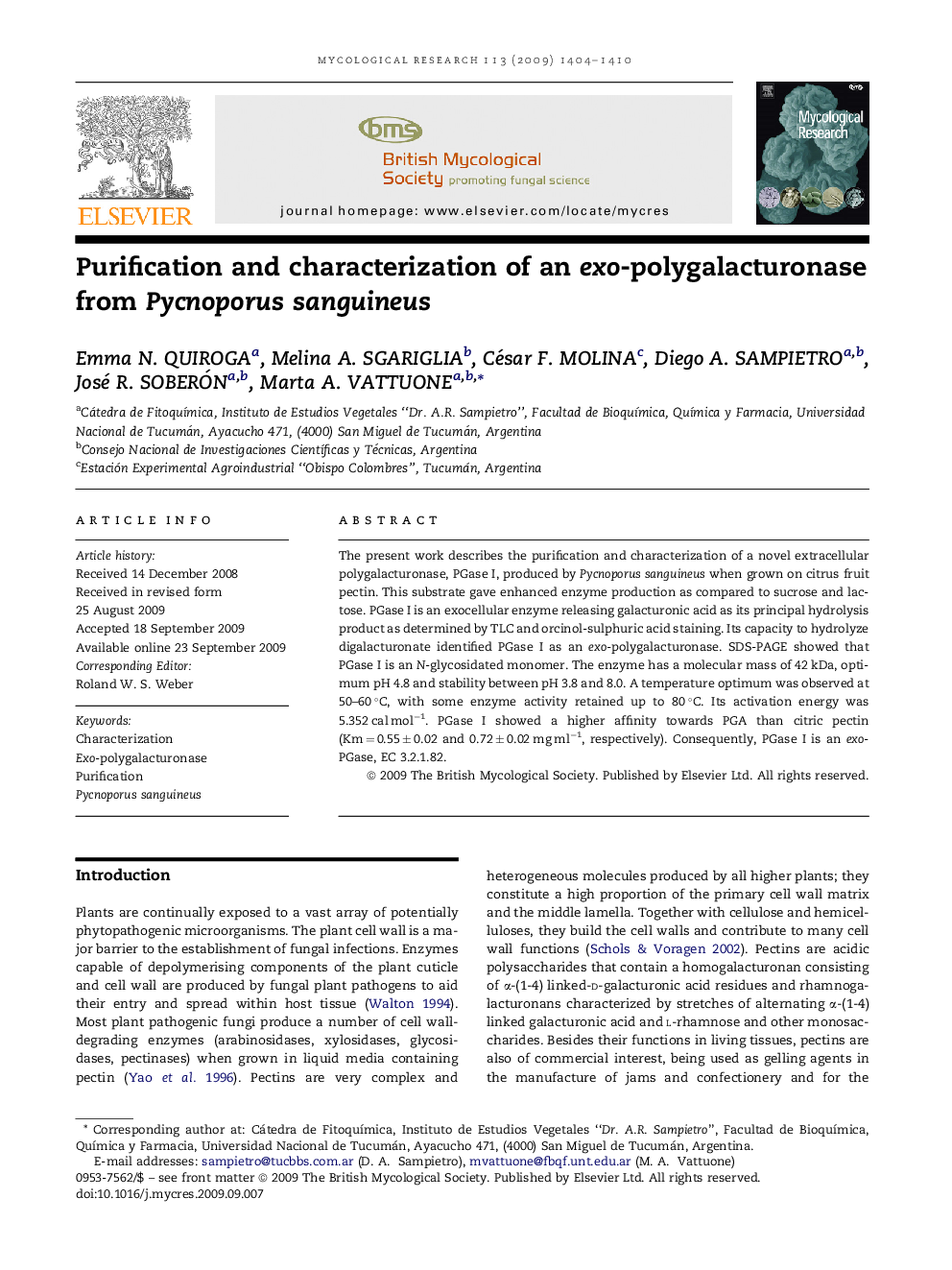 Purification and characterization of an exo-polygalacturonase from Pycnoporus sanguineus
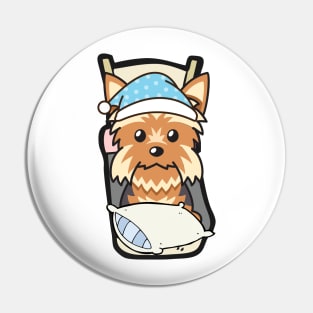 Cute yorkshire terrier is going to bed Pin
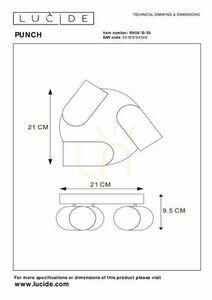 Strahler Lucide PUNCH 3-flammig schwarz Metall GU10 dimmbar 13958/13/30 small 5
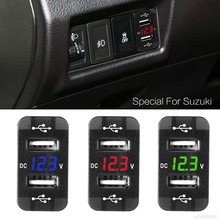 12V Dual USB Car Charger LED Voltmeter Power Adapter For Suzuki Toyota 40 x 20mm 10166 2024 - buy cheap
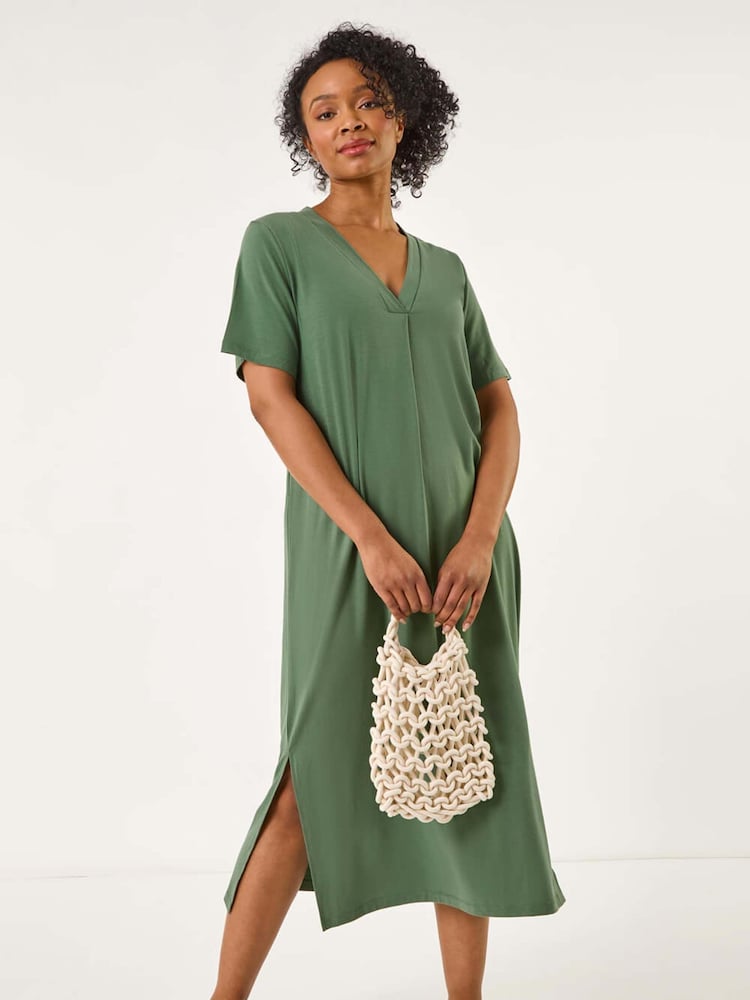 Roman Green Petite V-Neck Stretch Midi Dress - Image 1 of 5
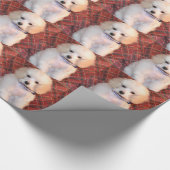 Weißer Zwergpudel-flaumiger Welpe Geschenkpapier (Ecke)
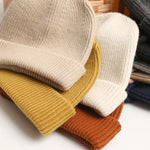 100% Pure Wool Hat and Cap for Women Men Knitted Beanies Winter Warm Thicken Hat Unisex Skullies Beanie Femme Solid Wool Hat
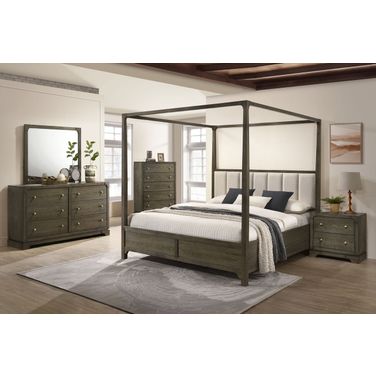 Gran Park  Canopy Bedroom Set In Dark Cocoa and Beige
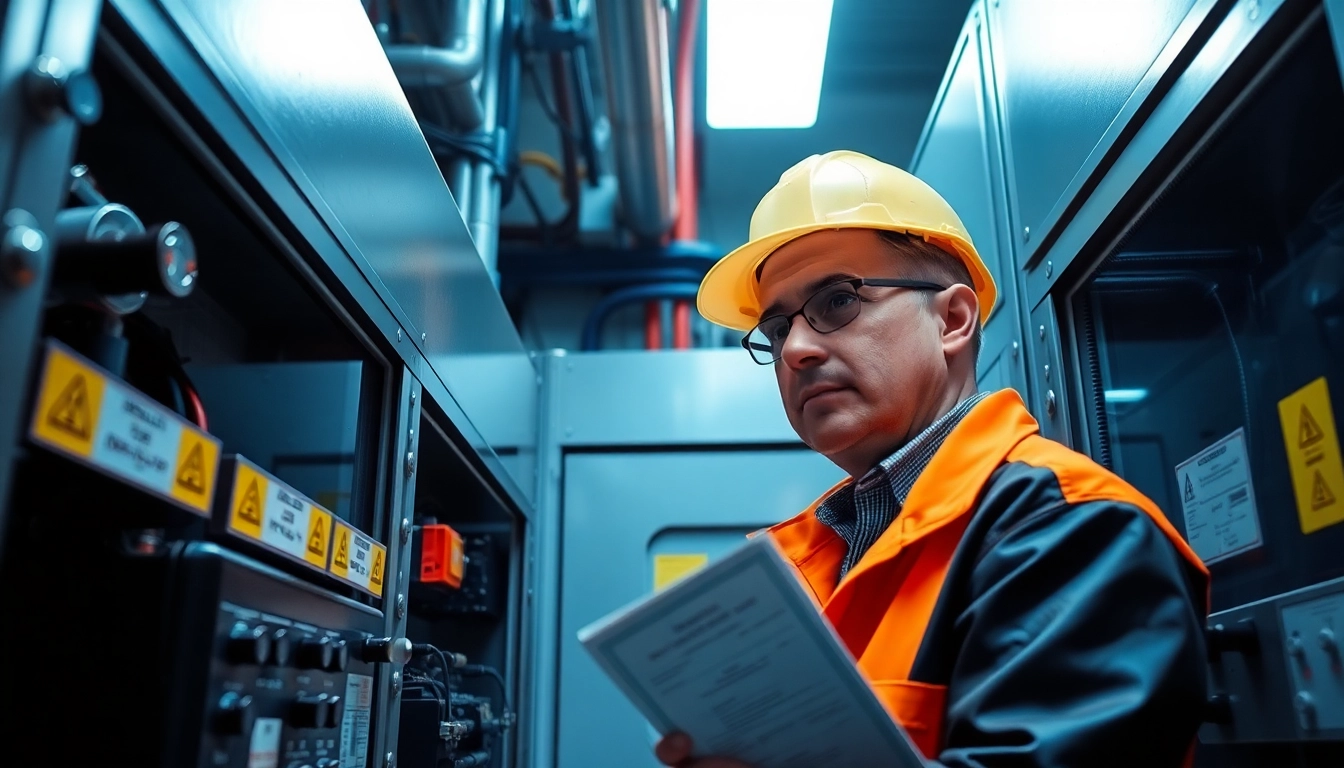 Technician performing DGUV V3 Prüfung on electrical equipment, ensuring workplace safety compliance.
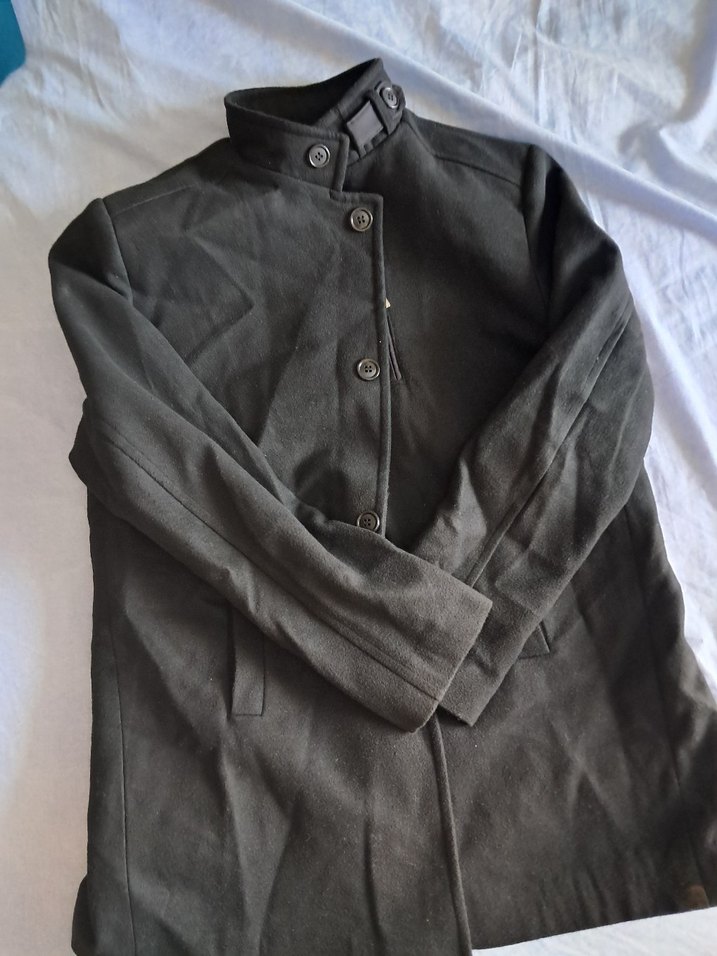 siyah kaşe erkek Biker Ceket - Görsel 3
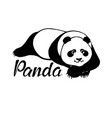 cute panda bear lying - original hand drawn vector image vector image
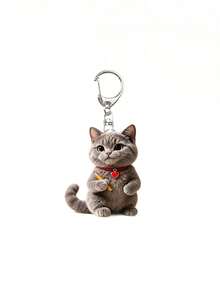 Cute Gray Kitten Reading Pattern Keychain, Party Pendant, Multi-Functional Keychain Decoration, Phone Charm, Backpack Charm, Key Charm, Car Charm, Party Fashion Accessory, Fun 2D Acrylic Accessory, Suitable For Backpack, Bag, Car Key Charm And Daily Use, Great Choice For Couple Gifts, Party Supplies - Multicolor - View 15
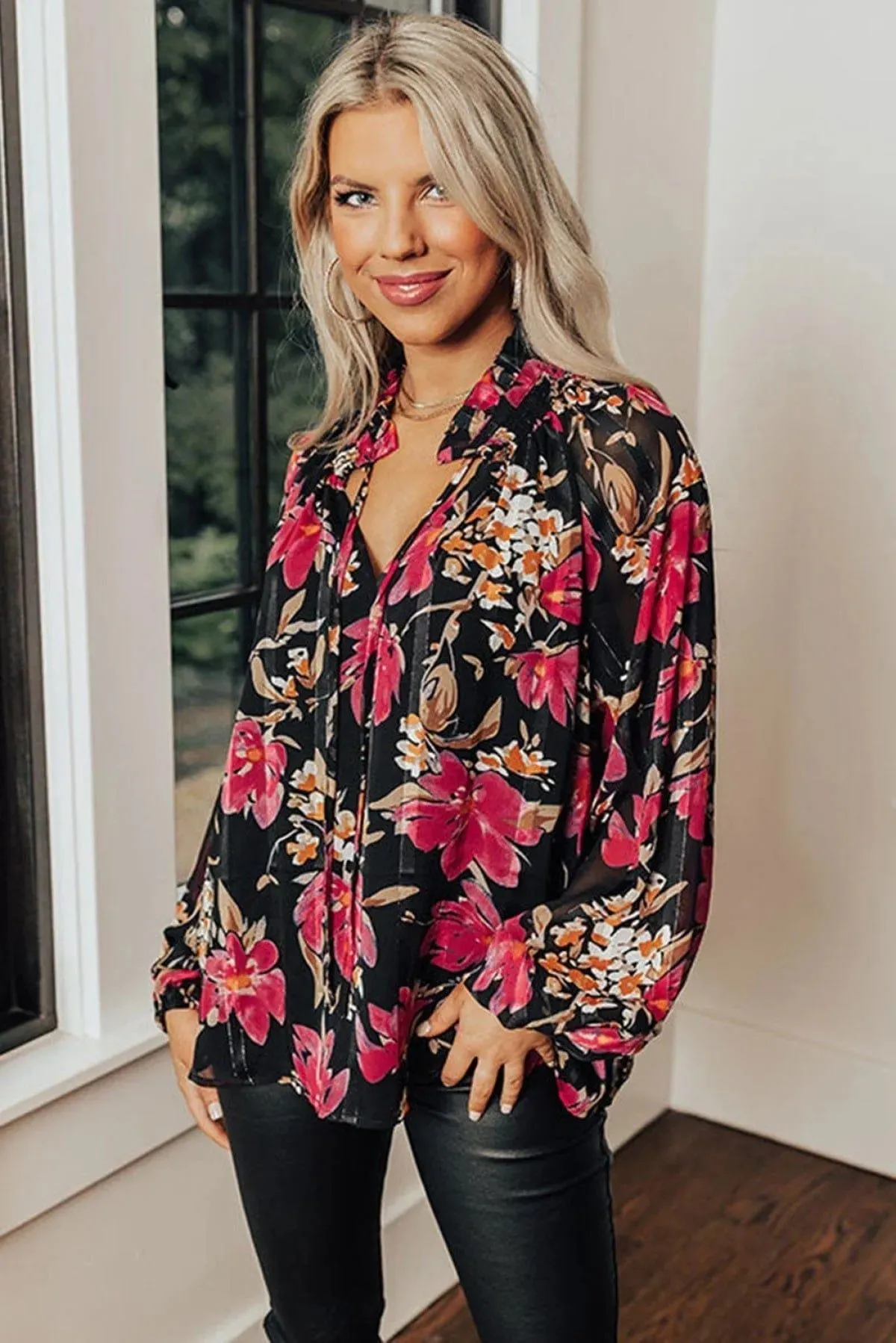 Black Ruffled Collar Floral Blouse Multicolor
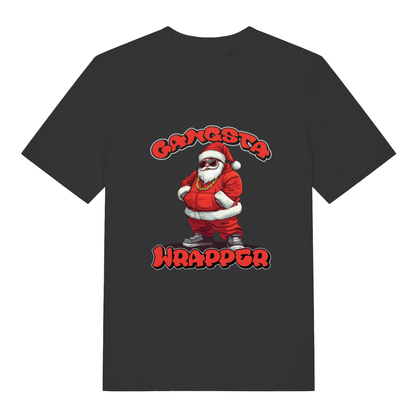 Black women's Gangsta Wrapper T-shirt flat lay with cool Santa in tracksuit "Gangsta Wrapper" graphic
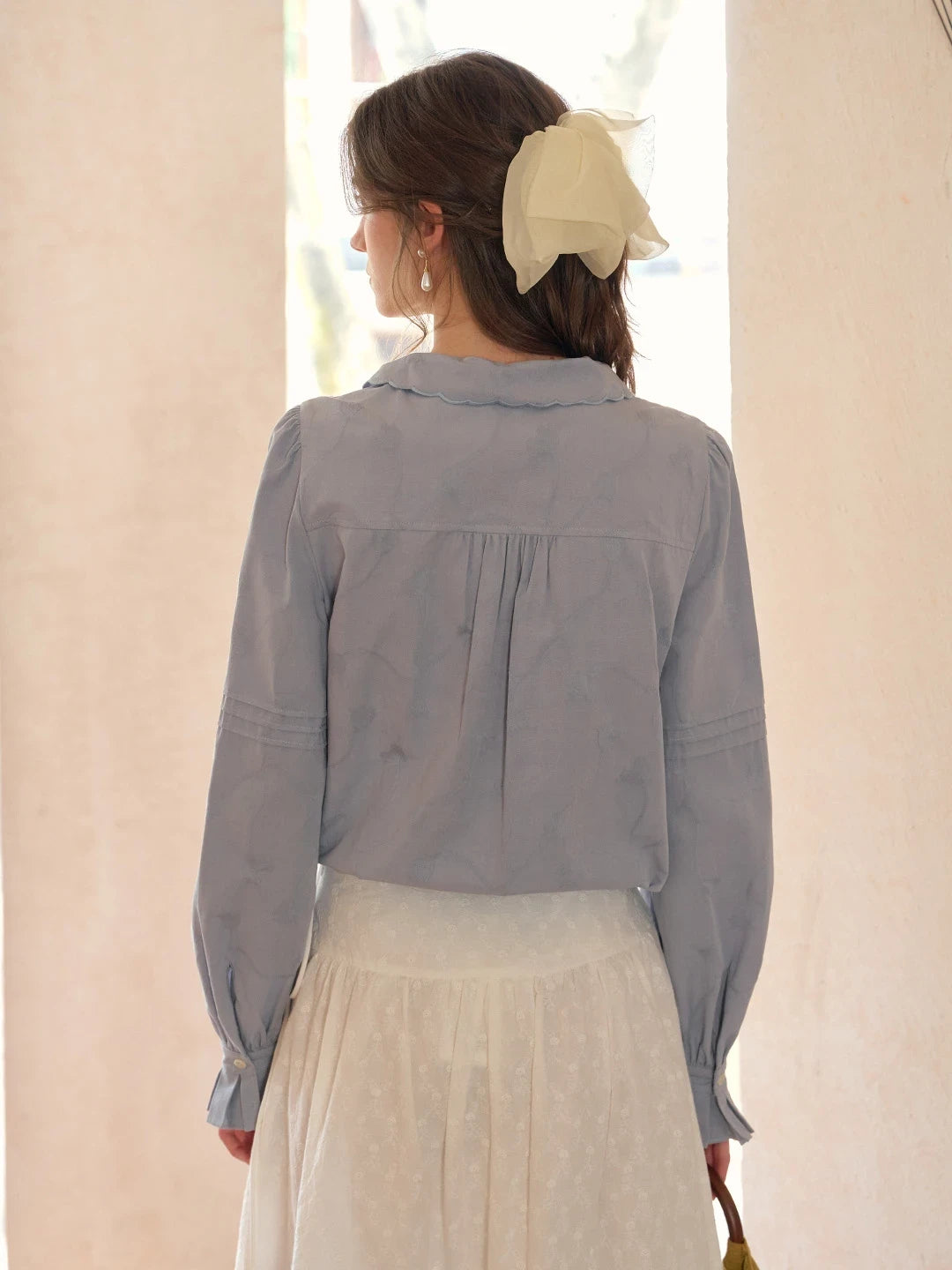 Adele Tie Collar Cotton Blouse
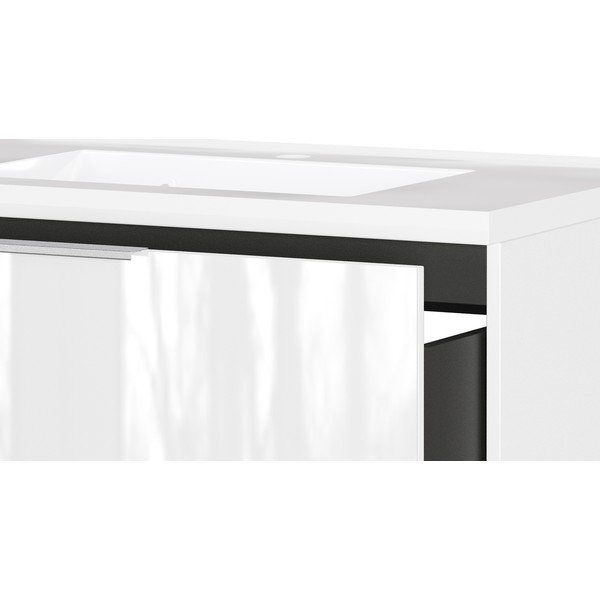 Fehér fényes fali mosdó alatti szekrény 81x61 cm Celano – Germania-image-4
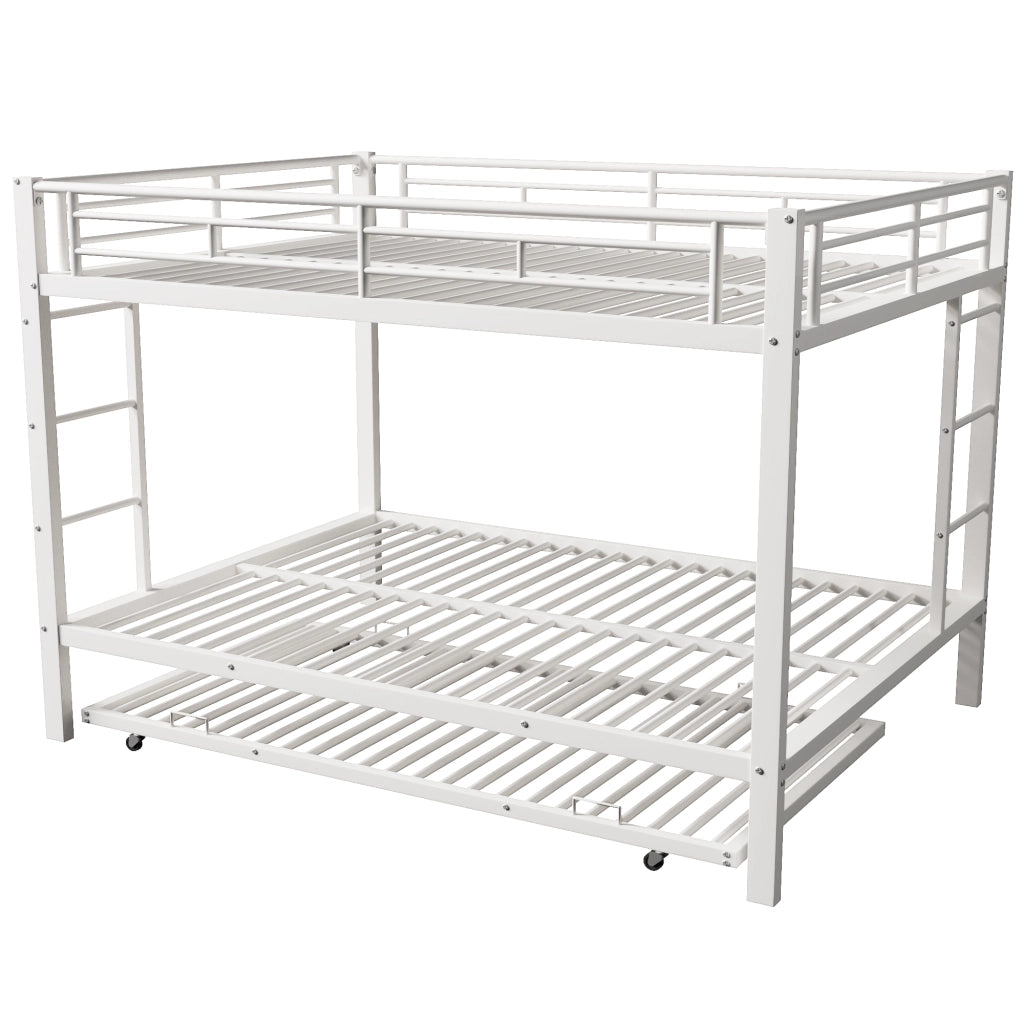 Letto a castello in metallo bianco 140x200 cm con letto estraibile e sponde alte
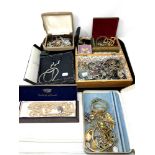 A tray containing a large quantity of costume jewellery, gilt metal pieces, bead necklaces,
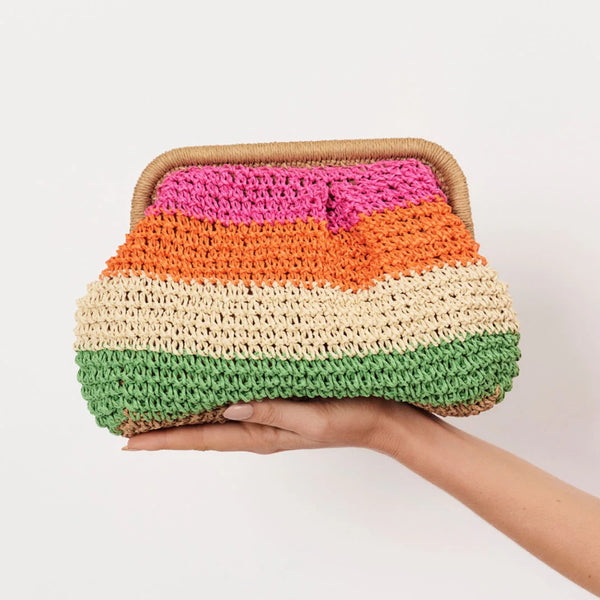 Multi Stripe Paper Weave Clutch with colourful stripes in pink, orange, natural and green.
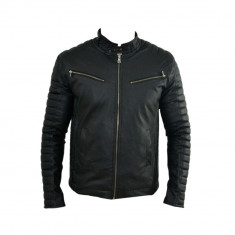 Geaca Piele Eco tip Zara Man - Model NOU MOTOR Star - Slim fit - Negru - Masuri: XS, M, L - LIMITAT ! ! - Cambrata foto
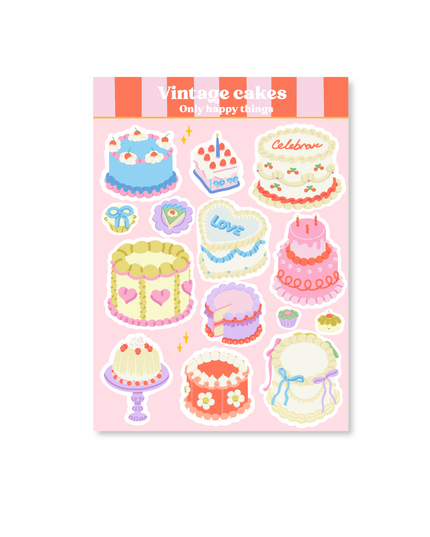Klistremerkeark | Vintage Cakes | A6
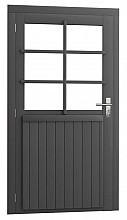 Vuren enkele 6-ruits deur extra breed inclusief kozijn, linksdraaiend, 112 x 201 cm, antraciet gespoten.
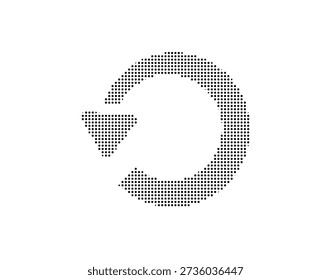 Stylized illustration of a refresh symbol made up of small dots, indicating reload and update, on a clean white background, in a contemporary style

###

▶ **Work instructions**: In the reply, give again exactly the lines from the beginning of the entries above through the line with "Fehér fényes fali"; pictures stay out.

▶ **Answer for this exercise**:
 Purification and characterization of an exo-polygalacturonase from Pycnoporus sanguineus
 Cute yorkshire terrier is going to bed Pin
 Strahler Lucide PUNCH 3-flammig schwarz Metall GU10 dimmbar 13958/13/30 small 5
 12V Dual USB Car Charger LED Voltmeter Power Adapter For Suzuki Toyota 40 x 20mm 10166 2024 - buy cheap
 Roman Green Petite V-Neck Stretch Midi Dress - Image 1 of 5
 Weißer Zwergpudel-flaumiger Welpe Geschenkpapier (Ecke)
 100% Pure Wool Hat and Cap for Women Men Knitted Beanies Winter Warm Thicken Hat Unisex Skullies Beanie Femme Solid Wool Hat
 Gran Park  Canopy Bedroom Set In Dark Cocoa and Beige
 Technician performing DGUV V3 Prüfung on electrical equipment, ensuring workplace safety compliance.
 siyah kaşe erkek Biker Ceket - Görsel 3
 cute panda bear lying - original hand drawn vector image vector image
 Cute Gray Kitten Reading Pattern Keychain, Party Pendant, Multi-Functional Keychain Decoration, Phone Charm, Backpack Charm, Key Charm, Car Charm, Party Fashion Accessory, Fun 2D Acrylic Accessory, Suitable For Backpack, Bag, Car Key Charm And Daily Use, Great Choice For Couple Gifts, Party Supplies - Multicolor - View 15
 Black Ruffled Collar Floral Blouse Multicolor
 Black women's Gangsta Wrapper T-shirt flat lay with cool Santa in tracksuit "Gangsta Wrapper" graphic
 Adele Tie Collar Cotton Blouse
 Fehér fényes fali mosdó alatti szekrény 81x61 cm Celano – Germania-image-4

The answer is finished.